When I had AF alerts set up before diagnosis, it took months to alert me and I can see from Heart Rate Variability readings that there were episodes. When I was alerted it was only after 5 background checks over about 5 hours showed high HRV to indicate possible AF, If I had gone to bed half hour earlier and taken my watch off that one would have been missed also.
The only reliable AF check on the watch is with the ECG app but you need symptoms to prompt you to use it.
How much variability with HR would you consider an afib amount? I did set up the afib history after I was diagnosed and the initial afib incident I found by checking the Ekg on the watch. The first two weeks it was normal but after I stopped the beta blockers it went to 4% burden …
All that 4% means is that some irregular beats were detected in at least one of the background checks while you were at rest. Irregular beats means your heart rate is varying with almost every beat so HRV will be raised. If your result was “Less than 2%” it means no irregular beats were detected so raised HRV won’t be detected or recorded either.
If you’re having asymptomatic short episodes in between these background checks they will not get picked up by the watch, you need a holter for that. Will be interesting to see how much your holter records that the watch missed.
I’ll attach a screen shot of one of my spikes when the background checks have picked it up
My Apple watch actually allowed me to get AFib diagnosed, as it never appeared when tested, for years I reckon. I ignored the suggestion to change the setting to ‘AFib history’, as I was grateful for the alerts when my condition was still paroxysmal. (Although by this time I knew the signs, and as Buzby62 says, it doesn’t catch everything.)

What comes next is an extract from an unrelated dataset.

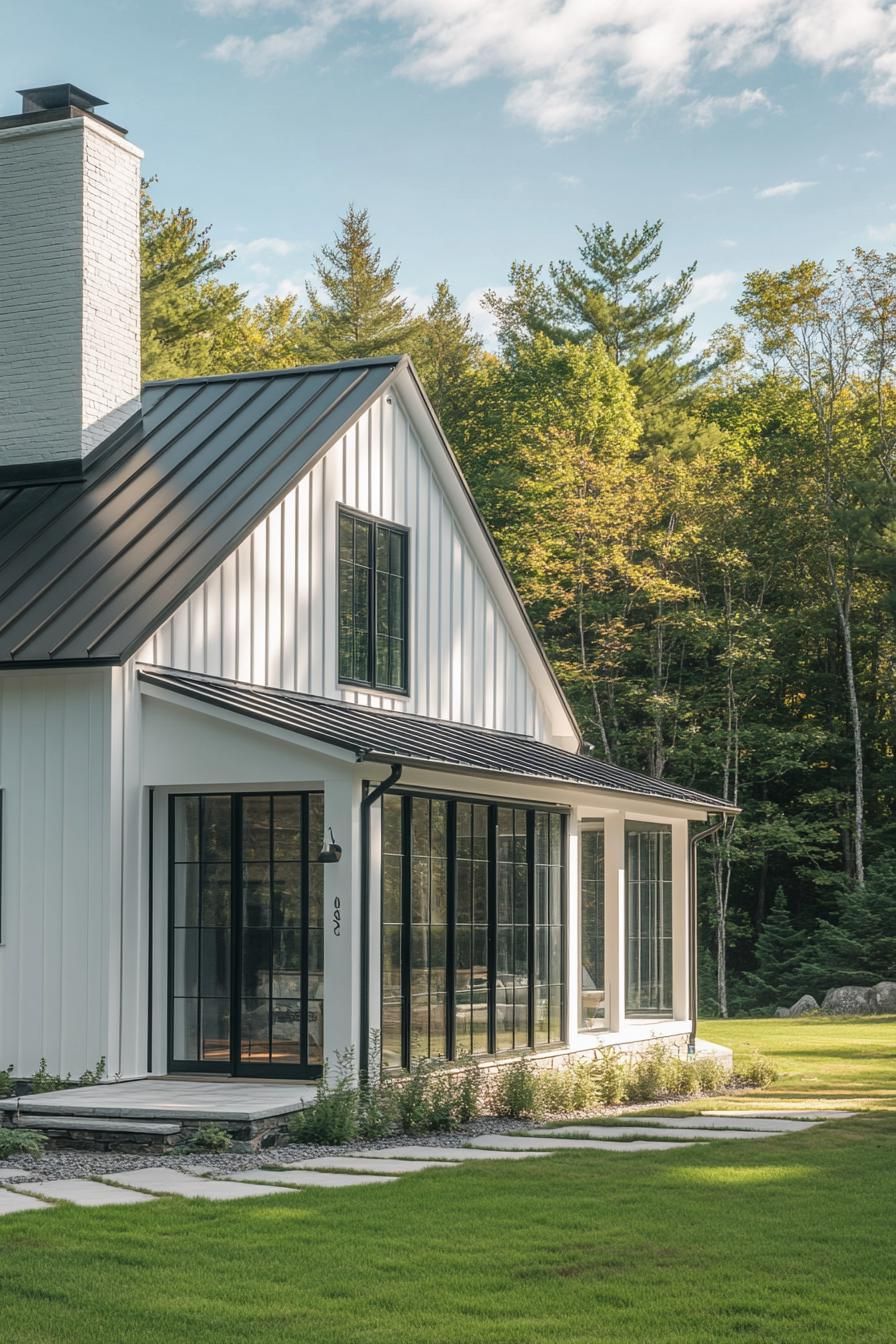 Modern farmhouse with a sleek design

Once I went into permanent AFib - all happened rather rapidly at the end of last year - I did end up settling it to AFib history. Otherwise I would have received countless reminders. Bad enough being told 100% every week. I guess I could switch it off, but there’s always that little hope that it might say 90% 😂
I don’t think you can take much from the daily one but I’d bet that spike on the monthly is when you had AF.
Just looked at my daily and had a spike yesterday about the same time as I got up from sitting down and went upstairs for a shower. My thinking is that if a check starts while you are sitting, the check lasts for a minute and if you raise your HR before it finishes you will get some variability. My HR went from 55 to over 100 within the check but not bouncing about beat to beat like in AF.
You can drill in to the HRV data by selecting “Show All Data” down below. Keep drilling in until you see “Beat-to-Beat Measurements” and drill in to there.
HRV is very complicated and is used by athletes I believe to measure their heart fitness and responsiveness to exercise and recovery. It was just an observation I made that AF spikes it up.